Here is the task for the records below: repeat exactly the lines from the one with "Abdunkelnder Vorhang, in" to the one with "Una Angelic ring, Round cut, White", both included, and nothing else.

__INPUT RECORDS__

━━━━━━━━━━━━━━━━

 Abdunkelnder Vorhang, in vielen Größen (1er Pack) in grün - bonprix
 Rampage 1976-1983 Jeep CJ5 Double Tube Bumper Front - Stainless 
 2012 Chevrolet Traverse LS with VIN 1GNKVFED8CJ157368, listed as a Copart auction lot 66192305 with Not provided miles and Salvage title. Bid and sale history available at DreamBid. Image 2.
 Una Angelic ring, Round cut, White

━━━━━━━━━━━━━━━━

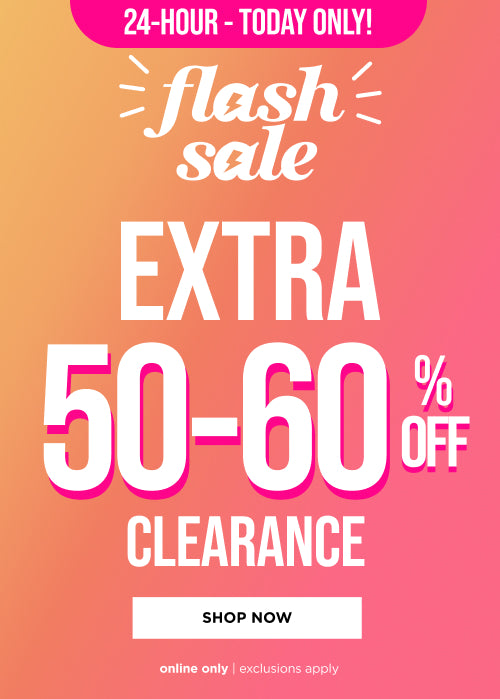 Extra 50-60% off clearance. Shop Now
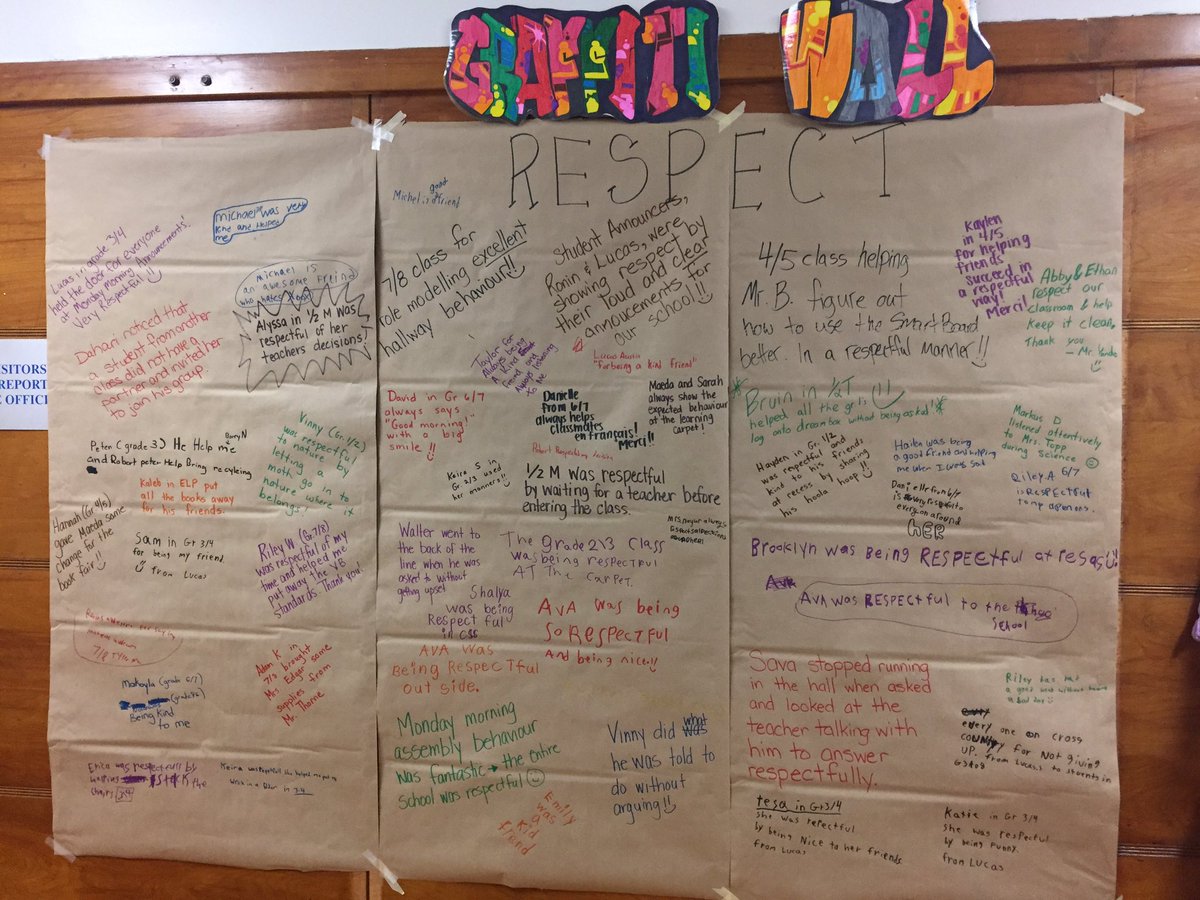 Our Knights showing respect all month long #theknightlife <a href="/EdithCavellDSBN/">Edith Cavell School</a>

━━━━━━━━━━━━━━━━

__REPLY__
 Abdunkelnder Vorhang, in vielen Größen (1er Pack) in grün - bonprix
 Rampage 1976-1983 Jeep CJ5 Double Tube Bumper Front - Stainless 
 2012 Chevrolet Traverse LS with VIN 1GNKVFED8CJ157368, listed as a Copart auction lot 66192305 with Not provided miles and Salvage title. Bid and sale history available at DreamBid. Image 2.
 Una Angelic ring, Round cut, White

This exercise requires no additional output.